→ **Problem requirements**
Give again, exactly and only, the lines running from the one with "عقد ذهب كرسي جابر عيار 21 (N7015)" to the end of the material below; leave out pictures.
#### Information supplied ####
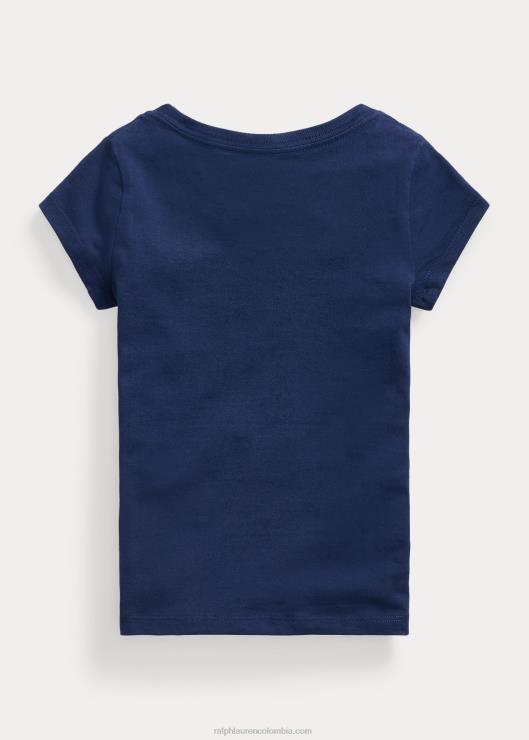 camiseta de punto de algodón niños Marina de Newport Ralph Lauren 2XR2V6904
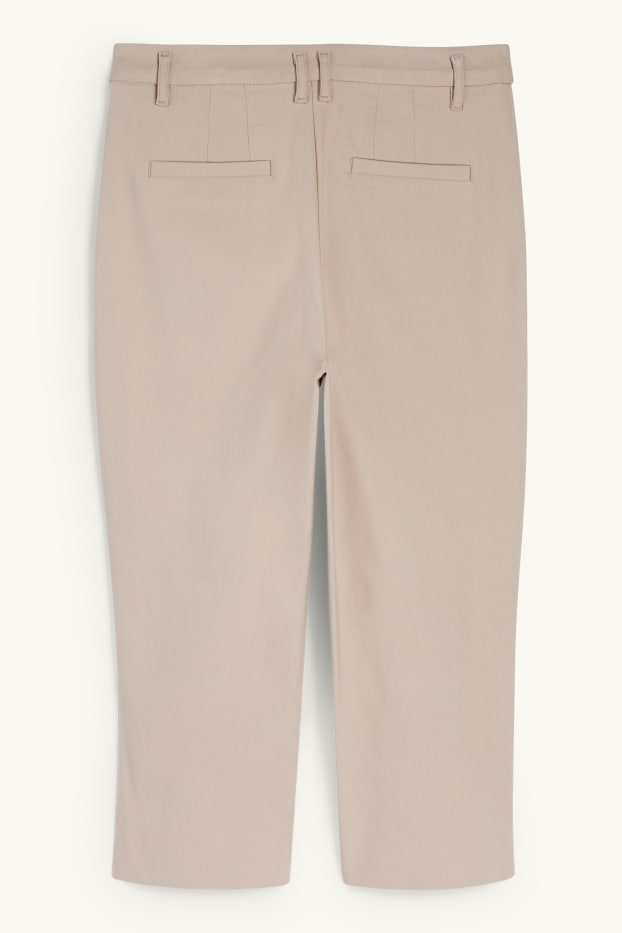Damen - Caprihose - Mid Waist - Slim Fit - beige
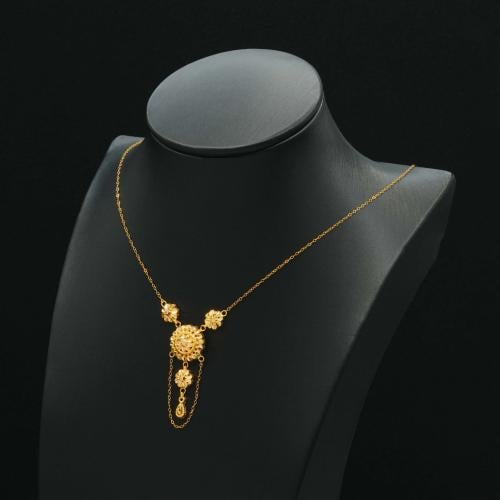 عقد ذهب كرسي جابر عيار 21 (N7015)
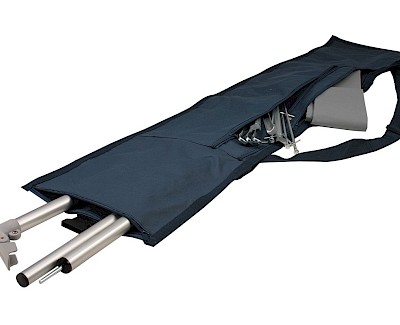 Opbergtas voor tentstokken en parasols, donkerblauw 2e keus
####
→ **Reply to the task**
 عقد ذهب كرسي جابر عيار 21 (N7015)
 Opbergtas voor tentstokken en parasols, donkerblauw 2e keus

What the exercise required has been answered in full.